Plaintiff proceeds to allege corruption on the part of Reardon, the Chairwoman of the First Department's Attorney Grievance Committee, that resulted in her “going after . . . [Plaintiff] and [his] law license and law firm.” Id. ¶ 19. And he alleges that Shea, Dopico, and Justice Acosta “have been actively aiding and abetting Abigail Reardon's crazed and ruthless crusade against . . . Plaintiff for many years, breaking numerous laws and ethics along the way.” Id. ¶ 20. Plaintiff's allegations also reach law enforcement. He contends that the FBI has “virtually never provided assistance, protection, or guidance to [Plaintiff] when he was a victim of serious crime, including but not limited to death threats, extortion, blackmail, aggravated harassment, and other crimes by organized crime or individual criminals, most notably [J]ewish organized crime, that is the subject of this lawsuit.” Id. ¶ 20a. As to both the FBI and the NYPD, he alleges that “most times[,] . . . [they] would turn on . . . [Plaintiff] when he reported crime, rather than go after the criminals themselves,” Id. ¶ 20b, and that the agencies have a policy of “allowing criminals to attack, terrorize, threaten, harass, and otherwise victimize [him],” Id. ¶ 20c.
II. Applicable Law
A district judge has the authority to dismiss a complaint sua sponte, even when, as here, the plaintiff has paid the filing fees, if it determines that the action is frivolous, Fitzgerald v. First E. Seventh Tenants Corp., 221 F.3d 362, 363-64 (2d Cir. 2000) (per curiam) (citing Pillay v. INS, 45 F.3d 14, 16-17 (2d Cir. 1995) (per curiam) (holding that Court of Appeals has inherent authority to dismiss a frivolous appeal)), or that subject matter jurisdiction is lacking, Ruhrgas AG v. Marathon Oil Co., 526 U.S. 574, 583 (1999). A district judge additionally “has the power to dismiss a complaint sua sponte for failure to state a claim,” Leonhard v. United States, 633 F.2d 599, 609 n.11 (2d Cir. 1980), so long as the plaintiff is given notice and “an opportunity to be heard,” Thomas v. Scully, 943 F.2d 259, 260 (2d Cir. 1991) (per curiam). To adequately state a claim, “a complaint must contain sufficient factual matter, accepted as true, to ‘state a claim to relief that is plausible on its face.'” Ashcroft v. Iqbal, 556 U.S. 662, 678 (2009) (quoting Bell Atl. Corp. v. Twombly, 550 U.S. 544, 570 (2007)). A claim is plausible “when the plaintiff pleads factual content that allows the court to draw the reasonable inference that the defendant is liable for the misconduct alleged.” Id. A complaint's “[f]actual allegations must be enough to raise a right to relief above the speculative level.” Twombly, 550 U.S. at 555. In making this determination, the Court must “accept[] as true the factual allegations in the complaint and draw[] all inferences in the plaintiff's favor,” Biro v. Conde Nast, 807 F.3d 541, 544 (2d Cir. 2015), but it need not “accept as true legal conclusions couched as factual allegations,” LaFaro v. N.Y. Cardiothoracic Grp., PLLC, 570 F.3d 471, 475-76 (2d Cir. 2009).

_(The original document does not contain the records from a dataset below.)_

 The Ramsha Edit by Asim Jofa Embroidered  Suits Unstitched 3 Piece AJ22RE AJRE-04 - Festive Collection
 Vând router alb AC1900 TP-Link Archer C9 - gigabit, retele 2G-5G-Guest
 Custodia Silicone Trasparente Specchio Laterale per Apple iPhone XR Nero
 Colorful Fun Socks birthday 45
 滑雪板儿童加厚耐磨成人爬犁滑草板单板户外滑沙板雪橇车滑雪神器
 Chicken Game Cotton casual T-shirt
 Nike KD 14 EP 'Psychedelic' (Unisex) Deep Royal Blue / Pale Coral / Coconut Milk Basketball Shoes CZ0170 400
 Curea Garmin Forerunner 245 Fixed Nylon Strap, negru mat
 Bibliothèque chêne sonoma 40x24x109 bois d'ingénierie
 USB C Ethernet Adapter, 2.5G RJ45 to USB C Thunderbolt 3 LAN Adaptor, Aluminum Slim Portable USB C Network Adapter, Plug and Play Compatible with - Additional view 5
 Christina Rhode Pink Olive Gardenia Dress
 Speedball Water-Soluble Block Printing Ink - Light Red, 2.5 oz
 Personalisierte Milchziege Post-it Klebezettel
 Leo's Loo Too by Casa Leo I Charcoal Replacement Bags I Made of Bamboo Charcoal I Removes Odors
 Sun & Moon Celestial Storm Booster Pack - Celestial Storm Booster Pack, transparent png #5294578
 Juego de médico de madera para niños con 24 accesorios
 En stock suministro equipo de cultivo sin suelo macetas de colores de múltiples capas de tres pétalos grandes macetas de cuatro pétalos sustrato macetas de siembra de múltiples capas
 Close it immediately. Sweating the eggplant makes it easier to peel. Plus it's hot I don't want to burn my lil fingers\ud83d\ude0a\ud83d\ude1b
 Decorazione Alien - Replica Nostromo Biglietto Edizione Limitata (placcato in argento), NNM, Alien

Normally, a district court must afford special solicitude to a pro se litigant; this special solicitude includes “liberal construction of pleadings, motion papers, and appellate briefs,” as well as “relaxation of the limitations on the amendment of pleadings.” Tracy v. Freshwater, 623 F.3d 90, 101 (2d Cir. 2010). But “the degree of solicitude may be lessened where the particular pro se litigant is experienced in litigation and familiar with the procedural setting presented. The ultimate extension of this reasoning is that a lawyer representing himself ordinarily receives no such solicitude at all.” Id. at 102 (citation omitted); see Ye v. N.Y. Bd. of Elections, No. 20 Civ. 11072 (JPC), 2021 WL 37575, at *3 (S.D.N.Y. Jan. 5, 2021).
III. Discussion
A. Claims Seeking Criminal Prosecution
Although not among the nine enumerated causes of action, see Am. Compl. ¶¶ 21-38, Plaintiff suggests throughout the Amended Complaint that he is requesting the criminal prosecution of the Individual Defendants. As noted, the Amended Complaint includes a section titled, “CRIMINAL ACTS,” Id. ¶¶ 10-15, and Plaintiff identifies criminal statutes which he seems to contend that Defendants violated, to include “criminal RICO,” Id. ¶ 3, and 18 U.S.C. § 242, id. ¶¶ 10-15. He also alleges violations of 18 U.S.C. § 3121, Id. ¶ 5, the ECPA, id. ¶¶ 5, 25-26, and the CFAA, Id. ¶¶ 6, 27-28, all of which have criminal provisions. “[T]he decision to prosecute is solely within the discretion of the prosecutor,” Leeke v. Timmerman, 454 U.S. 83, 86-87 (1981), who is “immune from control or interference by citizen or court,” Conn. Action Now, Inc. v. Roberts Plating Co., 457 F.2d 81, 87 (2d Cir. 1972). Because Plaintiff lacks standing to initiate a criminal prosecution, see Linda R.S. v. Richard D., 410 U.S. 614, 618-19 (1973), any claims seeking the criminal prosecution of the Individual Defendants or anyone else are dismissed for lack of subject matter jurisdiction. See Mahon v. Ticor Title Ins. Co., 683 F.3d 59, 62 (2d Cir. 2012) (“If [a] plaintiff[] lack[s] Article III standing, a [federal] court has no subject matter jurisdiction to hear [his] claim.” (internal quotation marks and citation omitted)).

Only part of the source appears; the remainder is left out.